If we are having difficulty helping IFPS families to resolve conflict because we lack good communication, we need to ask ourselves, “Could we improve our communication skills?” It is imperative to know that communication is a vital tool that can help us to understand one another, why others make the decision they do, or perhaps making just a simple statement.
How can we develop mature communication skills?
First, we must have good self-control. Second, we will need to try to see the other person’s viewpoint. Third, we need to seek clarification.
Good communication does not mean saying everything that we are thinking and feeling, especially if we are angry.

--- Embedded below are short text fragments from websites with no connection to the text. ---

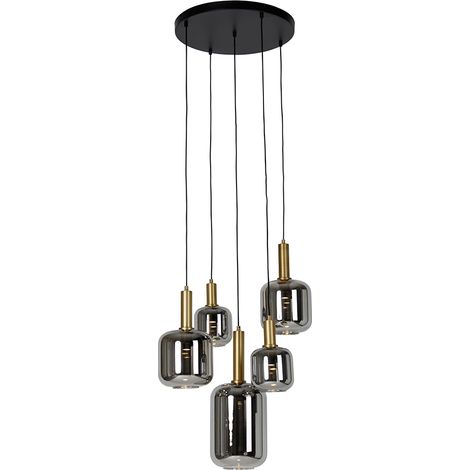 Hängelampe schwarz mit Gold mit Rauchglas inkl. 5 PUCC - Zuzanna (1/4)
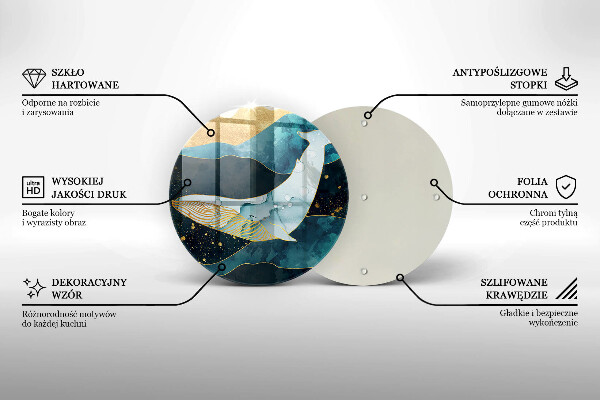 Kuchynská doska veľká zo skla Abstrakcia veľrýb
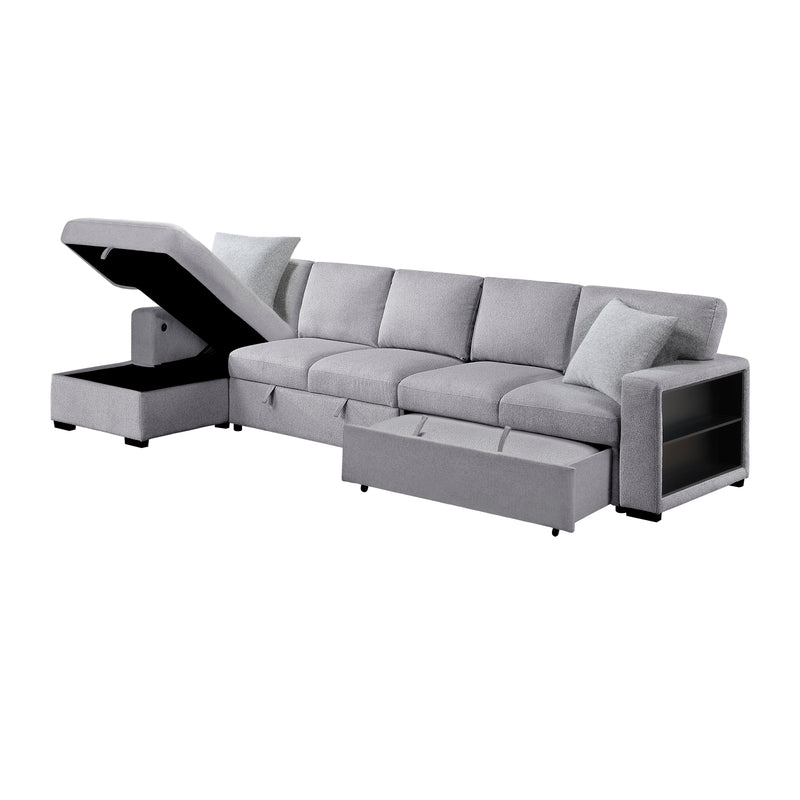 Pompano - (3)Sectional with Left Chaise, Pull-out Bed Hidden Storages and Shelves, Charging Ports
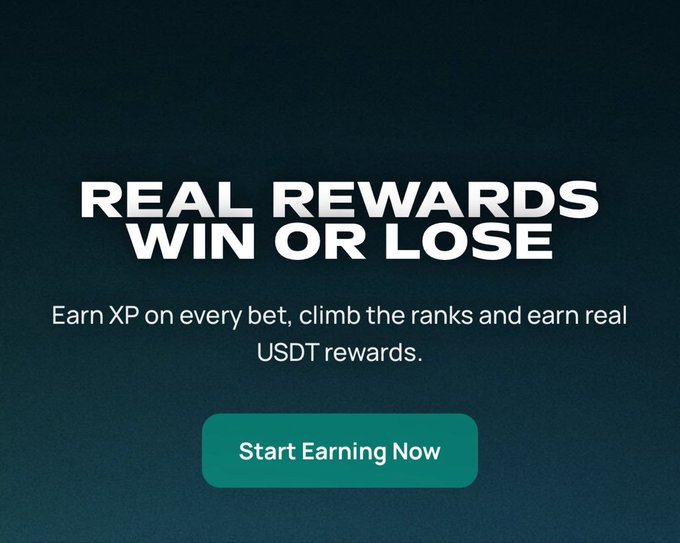 A dark promotional graphic with the text 'REAL REWARDS WIN OR LOSE' and 'Earn XP on every bet, climb the ranks and earn real USDT rewards,' featuring a 'Start Earning Now' button.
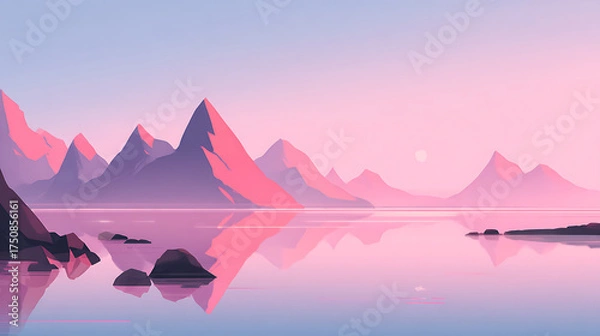 Obraz Scenic misty mountain landscape over reflective water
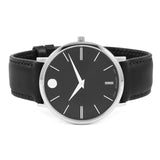  Shop Authentic Movado Ultra Slim Black Dial Black Leather Strap Watch For Men - 0607086 - Luxxuri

Good communication helps us establish and maintain peaceful relationships. If we work hard to do what we can to improve our relationships with others, it can improve our communication with them.
So, when it comes to resolving conflict through good communication, why not try the following:
- Contribute to open communication.
- Reach out to others with sincere kind acts.
- Find opportunities to help and give a gift from the heart.
- Think about the problem prior to taking action.
- Avoid personalizing the situation.
- Seek to understand the situation.
We must remember that “every interaction is an intervention.”